Accueil > Actualités > DOSSIERS > Procès Thomas Sankara • LEFASO.NET • mardi 30 novembre 2021 à 22h07min
Procès Thomas Sankara : « J’ai eu au téléphone Thomas Sankara entre 15h55 et 16h », révèle Fidèle Toé

Inspecteur du travail à la retraite, Fidèle Toé a été le ministre du Travail et de la Fonction publique du Conseil national de la révolution (CNR). Il est à la barre ce mardi 30 novembre 2021, pour donner sa version des faits sur les évènements du 15 octobre 1987.

L’ancien ministre de Thomas Sankara soutient de prime abord qu’il ne saurait parler du 15 octobre 1987 sans au préalable évoquer ce qui s’était passé le 14 octobre 1987, lors du conseil des ministres.

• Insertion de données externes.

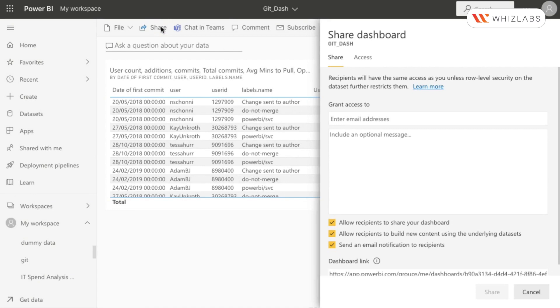You will see a dialog box named 'Share dashboard' where you can grant access to anyone you want. In this video, let's give access to John Alexander.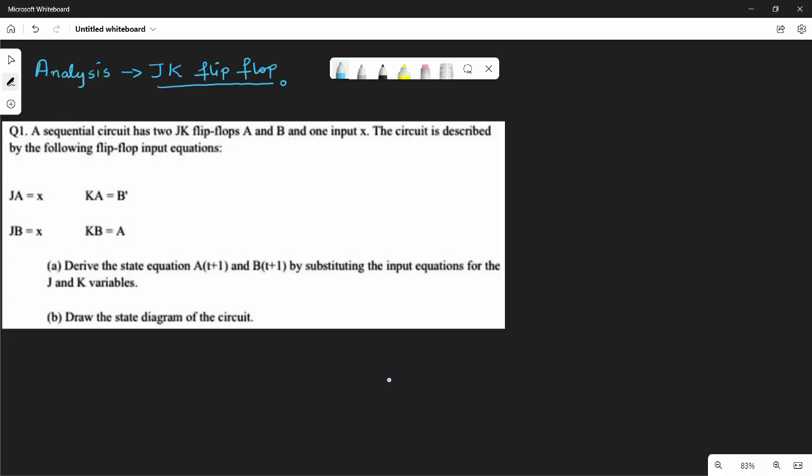Hi friends. In the last video we did an analysis of a clocked sequential circuit using D flip-flop. In this video, we will use JK flip-flop.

"Le 14 octobre, on a eu un conseil des ministres à l’issue duquel j’étais personnellement content parce que je me suis dit que le président (Thomas Sankara) a crevé l’abcès. La création de la Force d’intervention et de transport du ministère de l’administration territoriale et de la sécurité (FITMATS) venait d’être entérinée. Aussi, quand les ministres rangeaient leurs papiers et s’apprêtaient à sortir, Thomas Sankara nous a interpellés en nous demandant pourquoi nous n’avons pas posé de question sur la situation nationale", relate-t-il.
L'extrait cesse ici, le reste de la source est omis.